We have \(n\) 2-dimensional vectors:

  • The vector (4, 2);
  • The vector (4, 10);
  • etc.

Higher dimensions

  • Of course, in practice we have more than 2 columns of data.
  • Below is a 3D scatter plot and vector plot of \(n=10\) vectors of \(p=3\) columns:

Can you visualize the data set that would yield these plots?

Scalar multiplication

Multiplying by a scalar \(c\) can affect both magnitude and direction:

  • If \(|c|>1\), \(cu\) lengthens the vector
  • If \(|c| < 1\), \(cu\) shortens the vector
  • If \(c < 0\), \(cu\) reverse the vector

Vector addition

  • Adding two vectors is as simple as adding the “steps” in each direction.
  • Consider \(u = (3,1)\) and \(v = (1,4)\), then \(u + v = (4,5)\):

Vector subtraction

To subtract vectors, e.g. \(u-v\):

  • Go in the \(u\) direction;

  • Stop and go in the negative \(v\) direction

Vector subtraction

Which of these shows \(u-v\)? What is the value of \(u-v\)? Of \(v-u\)?

Vector norms

  • An important characteristic of a vector is its norm.

  • Norm \(\equiv\) size, or length

  • There are many ways to measure the norm of a vector. Two important measures in data science include:

    • L1 norm (aka “Taxicab” or “Manhattan”)

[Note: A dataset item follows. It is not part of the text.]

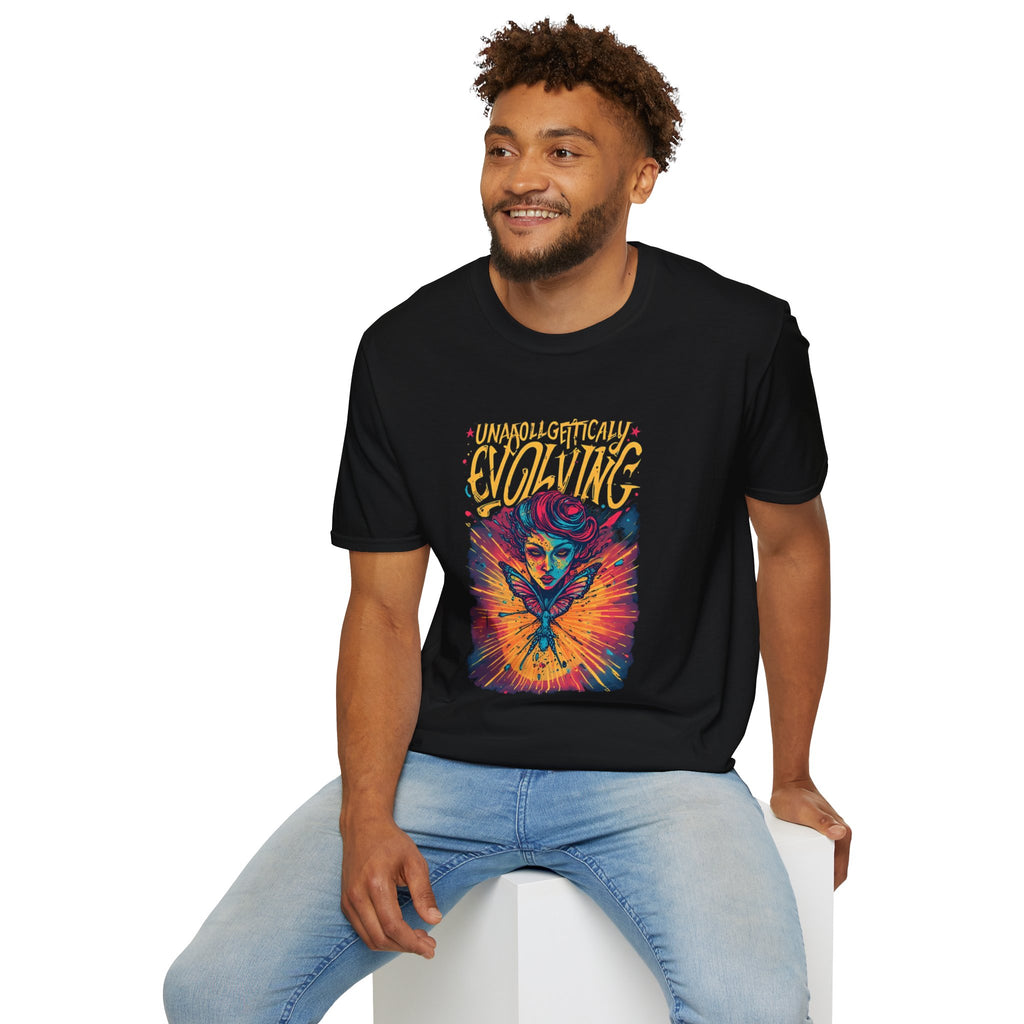 Evolving Butterfly Graphic T-Shirt — "Unapologetically Evolving" Vibrant Psychedelic Tee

    • L2 norm (aka “Euclidean” norm)

  • Norms are always \(\geq 0\)!

L1 (“taxicab”) norm example

Consider the vector \(u = (3,2)\):

\[ ||u||_1 = 5 \]

L1 (“taxicab”) norm example

Now consider \(v = (-4, -5)\):

\[ ||v||_1 = 9 \]

L1 norm, formally defined

Given a \(p\)-vector \(u = (u_1, u_2, ...,u_p)\):

\[ ||u||_1 = \sum_{i=1}^p |u_i| \]

L2 norm

  • Taxicabs are inefficient ways of moving from \(A\) to \(B\)!

  • Recall again \(u = (3,2)\).

  • Imagine you are a helicopter, you can fly straight from the origin \((0,0)\) to \((3,2)\). How far did you fly?

Pythagorean!

\[ ||u||_2 = \sqrt{3^2 + 2^2} = \sqrt{13} = 3.61 \]

L2 norm of \(v\)

What is the L2 norm of \(v = (-4, -5)\)?

L2 norm, formally defined

Given a \(p\)-vector \(u = (u_1, u_2, ...,u_p)\):

\[ ||u||_2 = \sqrt{\sum_{i=1}^p u_i^2} \]

Vectors in R

The following code can be used to create vectors \(u\) and \(v\) from the previous examples, and compute their norms:

u <- c(3,2)
v <- c(-4,5)
#L1 norms:
sum(abs(u))
[1] 5
sum(abs(v))
[1] 9
#L2 norms:
sqrt(sum(u^2))
[1] 3.605551
sqrt(sum(v^2))
[1] 6.403124
#NOT an L2 norm:
sum(sqrt(v^2))
[1] 9
#NOT an L2 norm:
sqrt(sum(v))^2
[1] 1

Mean vectors

Scaling is an important concept in this class, and one important scaling ingredient is the mean vector.

  • Consider the plot of the cars data set.
  • The complete data set has \(n=50\) rows (i.e., 2-dimensional vectors)
  • The red diamond in the middle is the mean vector
    • Horizontal coordinate: mean of top density (Speed)
    • Vertical coordinate: mean of right density (Stopping distance)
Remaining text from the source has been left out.